Haha!  All these posts about predator house pets kills me!  I have an 80 lb BABY who's a pit boxer mix (Rocky), a 70 lb boxer (Sophie), and a 20 lb mop (Ollie).  Three shots to catch a chipmunk...and well, not so much.  I can't BELIEVE nine of these dogs thought we had an issue with a critter in the house.  The night that thing plopped out from under the cabinet : don't you sort of picture the dogs lined up, listening to that scratching, trying to figure out how to catch it?  Nope.  Crazy.

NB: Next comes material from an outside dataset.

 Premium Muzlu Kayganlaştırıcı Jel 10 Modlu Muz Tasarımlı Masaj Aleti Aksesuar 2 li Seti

when we first got Rocky as a puppy (he was a rescue) my very opinionated and very vocal DIL announced "well, WE won't be coming to your house anymore once he gets out of that puppy stage.  I've heard too much about pits turning on their owners, or mauling children [and she had 2 small children].  I care too much about the safety of my children to take a chance!!!"  I just reminded her of that the other day, because guess who is Rocky's biggest fan?  It became obvious fairly quickly that Rocky was the guardian of the kids.  When I get after any one of my grands, he gets between us with the sweetest wrinkle between his ears.  Once I was on a bed playing with my grandson, tickling him and pretend spanking, making him squeal.  Rocky came and jumped between us.  Well, I thought that was funny, so I kept on.  He wouldn't "bite" me, but he made it very obvious he was NOT happy.  I was playing, he clearly wasn't.  When he couldn't get me to stop, he laid down on that bed between us and pushed me out.  Pushed me right off and onto the floor.  That was the first time I knew how protective he was, so we don't play like that any more.  I respect his position.  Now whenever the 6 month old is here, he sits guard over her every minute.  If she fusses, I get that forehead wrinkle.  But he's a licker, too, and he is DYING to love on her and lick her face.  We are constantly wiping her fingers and toes, as he'll lick anything he can reach...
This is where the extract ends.